▸ **INSTRUCTIONS TO FOLLOW**
Repeat the records exactly. Leave out the pictures.

Stored items:
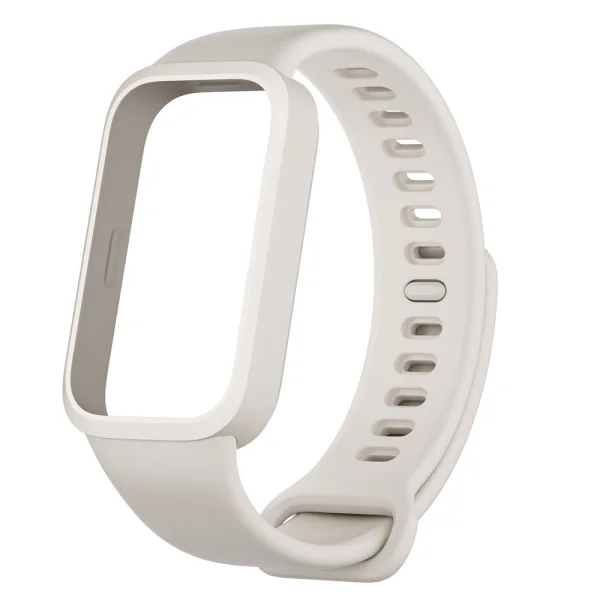 Смарт гривна Xiaomi Smart Band 9 Active Beige, Бял 2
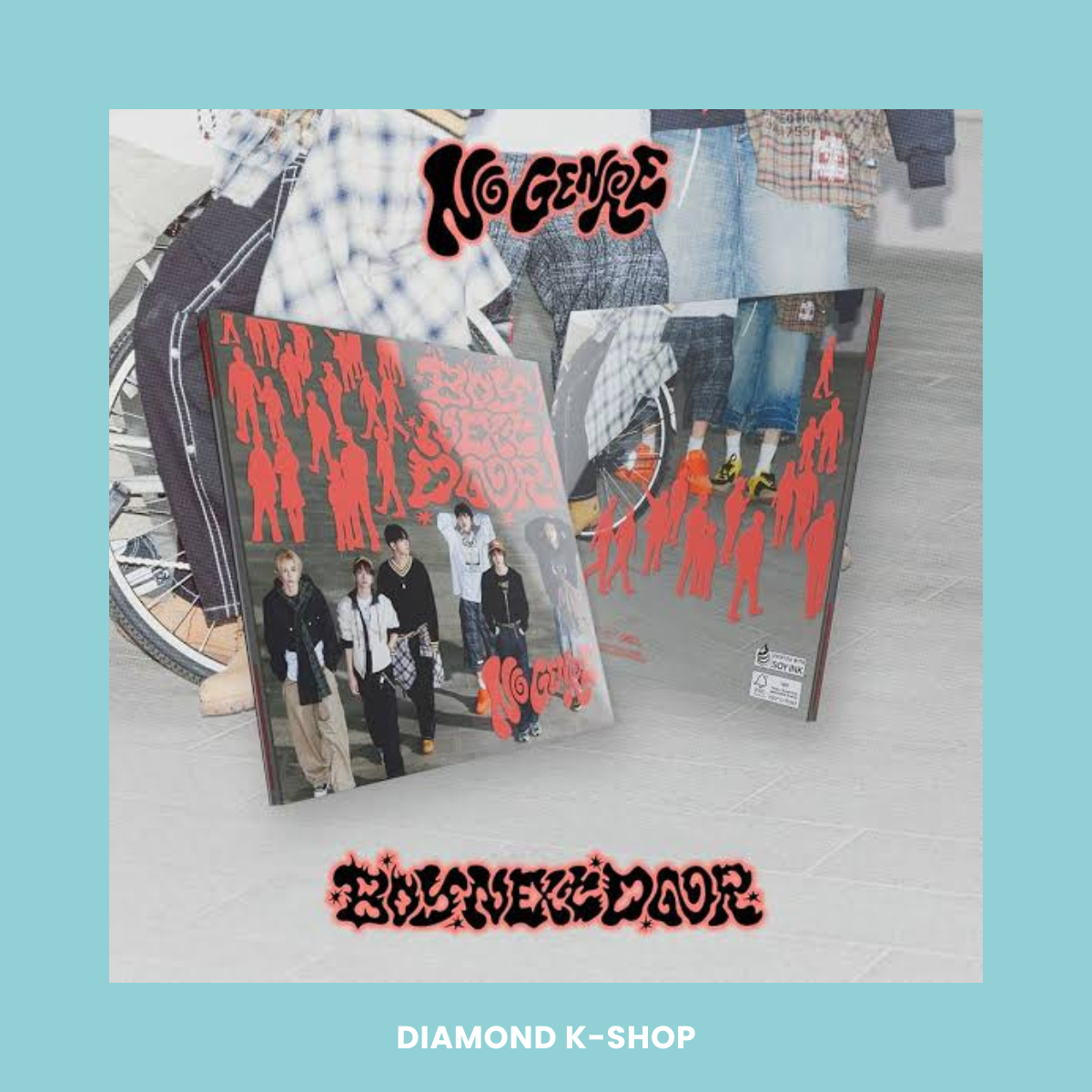 BOYNEXTDOOR - No Genre (Photobook)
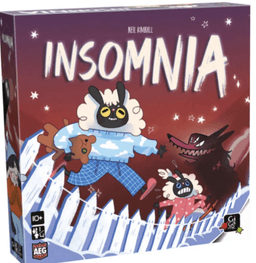 Couverture de Insomnia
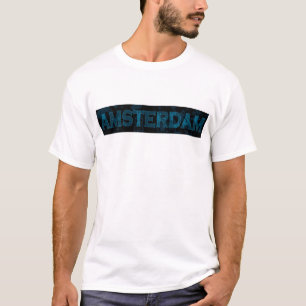 verbod op AMSTERDAM T-shirt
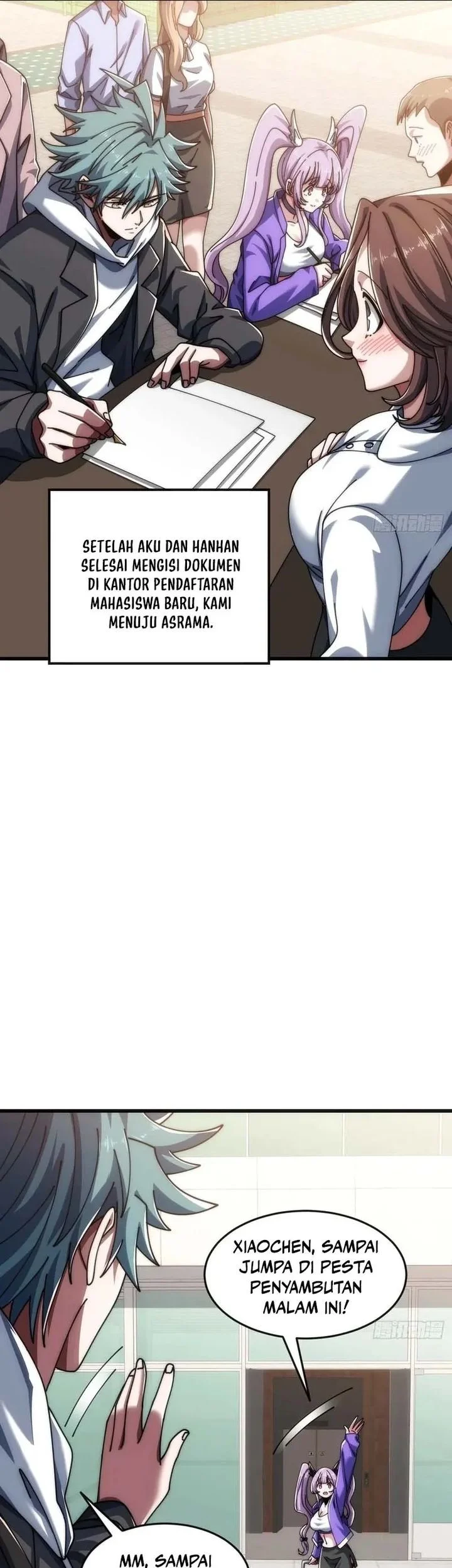 Infinite Evolution Starting from Zero Chapter 40 Gambar 15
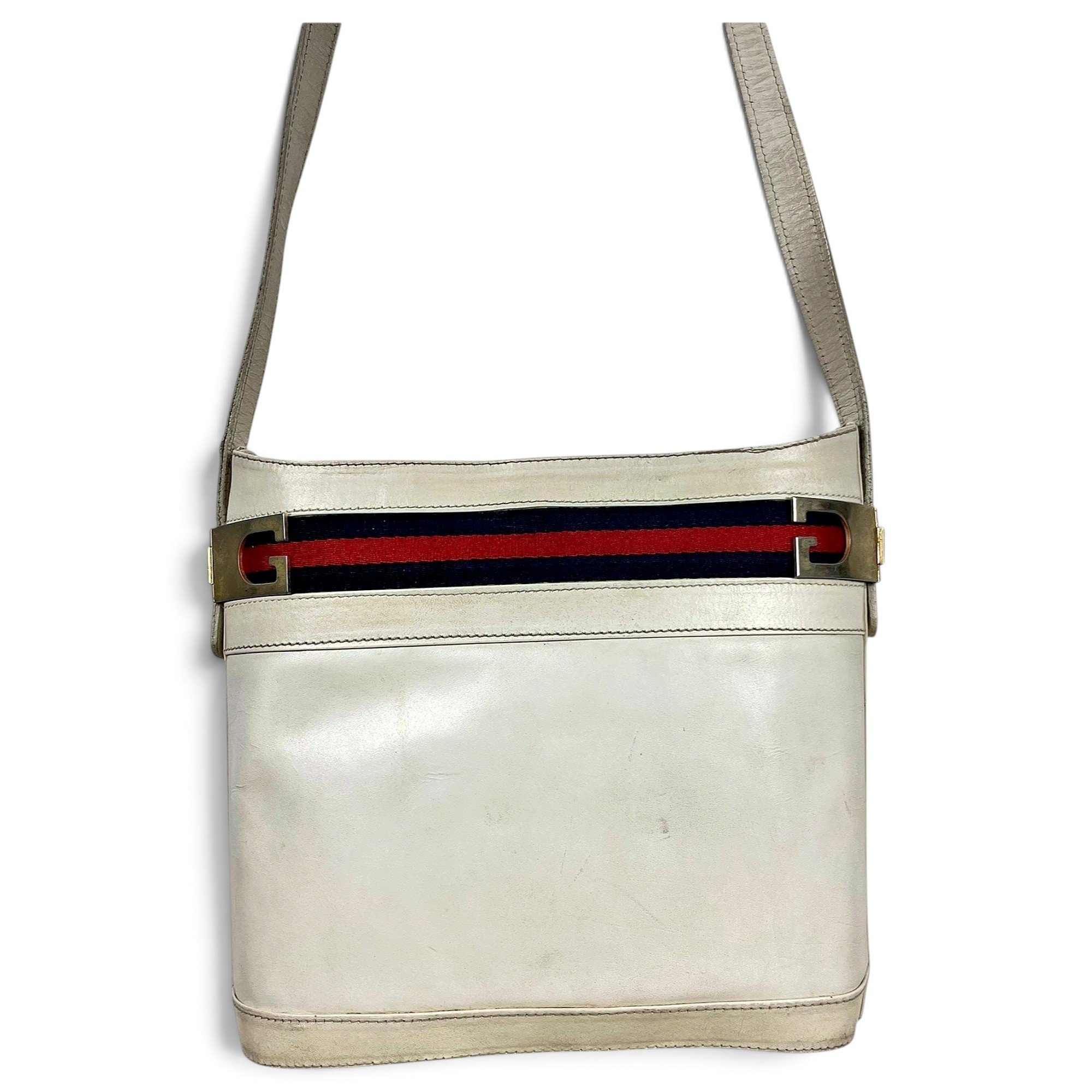 Leather crossbody bag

▸ **RESPONSE BOX**
 Смарт гривна Xiaomi Smart Band 9 Active Beige, Бял 2
 BOYNEXTDOOR - No Genre (Photobook)
 Couverture de Insomnia
 verbod op AMSTERDAM T-shirt
 Infinite Evolution Starting from Zero Chapter 40 Gambar 15
 Leather crossbody bag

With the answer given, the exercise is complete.